Autoencoder implementation with different activation function

Josiane_Rodrigues · May 6, 2019, 10:01pm

Hello community,

I need to implement an autoencoder network described in this article https://arxiv.org/pdf/1803.09065. The model is very simple. Contains only a hidden layer, which corresponds to a binarization layer of the input code. My whole difficulty is the activation function used in the hidden layer is non-differentiable and therefore the same weight matrix of the output layer is used to update the input layer. I would like to know how I can do an activation function in pytorch that does not need to be derived and that uses the output layer weight matrix to update the weights of the input layer. I will be very grateful if anyone can help me.

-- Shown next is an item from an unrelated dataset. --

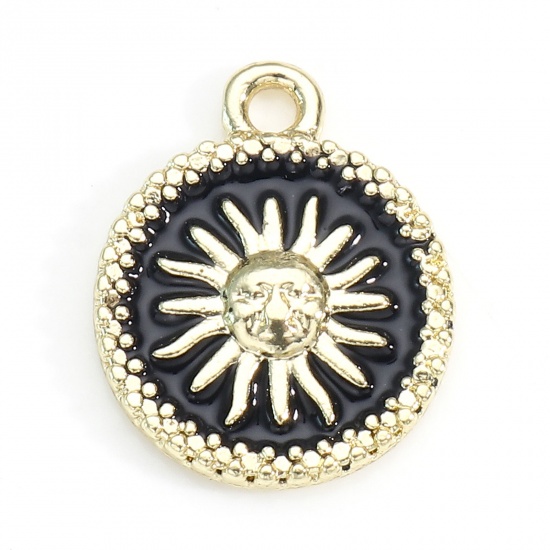 Picture of Zinc Based Alloy Galaxy Charms Gold Plated Black Round Sun Enamel 16.5mm x 13mm, 5 PCs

The network architecture follows below.

Captura%20de%20tela%20de%202019-05-06%2017-57-54

ptrblck · May 6, 2019, 10:55pm

Could you explain it a bit?
Would you like to use the same gradients from the output layer on your input layer or copy the weights into the input layer after each update?

Josiane_Rodrigues · May 6, 2019, 11:14pm

Hi @ptrblck,

I would like to copy the weights into the input layer after each update of the output layer.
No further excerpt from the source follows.